Assignment => Would you find each line in the entries below with the string "like" and copy it?

Records drawn from a dataset
_____
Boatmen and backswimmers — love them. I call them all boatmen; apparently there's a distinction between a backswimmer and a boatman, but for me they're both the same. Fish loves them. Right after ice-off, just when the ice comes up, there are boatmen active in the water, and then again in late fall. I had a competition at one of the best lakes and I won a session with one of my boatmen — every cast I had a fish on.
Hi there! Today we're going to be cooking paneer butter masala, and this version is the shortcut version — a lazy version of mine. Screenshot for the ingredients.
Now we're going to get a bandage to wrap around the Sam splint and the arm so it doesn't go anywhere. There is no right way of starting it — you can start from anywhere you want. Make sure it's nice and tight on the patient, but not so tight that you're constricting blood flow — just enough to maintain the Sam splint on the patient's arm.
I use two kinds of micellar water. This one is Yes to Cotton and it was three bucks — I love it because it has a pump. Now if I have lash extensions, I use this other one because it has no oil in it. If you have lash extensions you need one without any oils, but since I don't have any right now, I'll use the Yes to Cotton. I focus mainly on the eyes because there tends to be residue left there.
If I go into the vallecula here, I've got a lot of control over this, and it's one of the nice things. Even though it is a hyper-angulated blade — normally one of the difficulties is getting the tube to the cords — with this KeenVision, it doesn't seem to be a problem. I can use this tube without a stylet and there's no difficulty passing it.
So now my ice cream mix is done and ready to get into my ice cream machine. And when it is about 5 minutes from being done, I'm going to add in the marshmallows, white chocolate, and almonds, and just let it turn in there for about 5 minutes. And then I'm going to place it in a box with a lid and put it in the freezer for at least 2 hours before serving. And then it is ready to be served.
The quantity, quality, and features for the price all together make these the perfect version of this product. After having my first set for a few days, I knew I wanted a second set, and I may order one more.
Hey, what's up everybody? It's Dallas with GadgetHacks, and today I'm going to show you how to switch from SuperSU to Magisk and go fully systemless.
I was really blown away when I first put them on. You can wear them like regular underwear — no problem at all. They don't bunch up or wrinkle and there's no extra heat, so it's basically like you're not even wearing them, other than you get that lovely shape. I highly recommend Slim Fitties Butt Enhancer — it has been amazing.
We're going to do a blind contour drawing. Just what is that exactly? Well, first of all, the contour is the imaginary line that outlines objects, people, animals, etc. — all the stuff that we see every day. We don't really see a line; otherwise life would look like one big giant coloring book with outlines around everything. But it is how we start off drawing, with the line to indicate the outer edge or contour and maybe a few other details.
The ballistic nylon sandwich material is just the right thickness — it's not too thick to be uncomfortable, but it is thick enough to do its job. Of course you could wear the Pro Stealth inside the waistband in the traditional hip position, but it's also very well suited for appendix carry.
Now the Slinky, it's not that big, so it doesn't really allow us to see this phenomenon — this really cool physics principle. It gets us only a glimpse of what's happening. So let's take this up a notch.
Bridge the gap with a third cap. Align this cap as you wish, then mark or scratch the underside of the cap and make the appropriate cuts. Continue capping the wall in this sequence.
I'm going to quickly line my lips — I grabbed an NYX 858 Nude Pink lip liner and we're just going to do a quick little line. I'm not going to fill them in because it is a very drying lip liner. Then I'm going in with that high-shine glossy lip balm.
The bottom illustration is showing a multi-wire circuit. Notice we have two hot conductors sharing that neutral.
_____
Problem solution =>
I was really blown away when I first put them on. You can wear them like regular underwear — no problem at all. They don't bunch up or wrinkle and there's no extra heat, so it's basically like you're not even wearing them, other than you get that lovely shape. I highly recommend Slim Fitties Butt Enhancer — it has been amazing.
We're going to do a blind contour drawing. Just what is that exactly? Well, first of all, the contour is the imaginary line that outlines objects, people, animals, etc. — all the stuff that we see every day. We don't really see a line; otherwise life would look like one big giant coloring book with outlines around everything. But it is how we start off drawing, with the line to indicate the outer edge or contour and maybe a few other details.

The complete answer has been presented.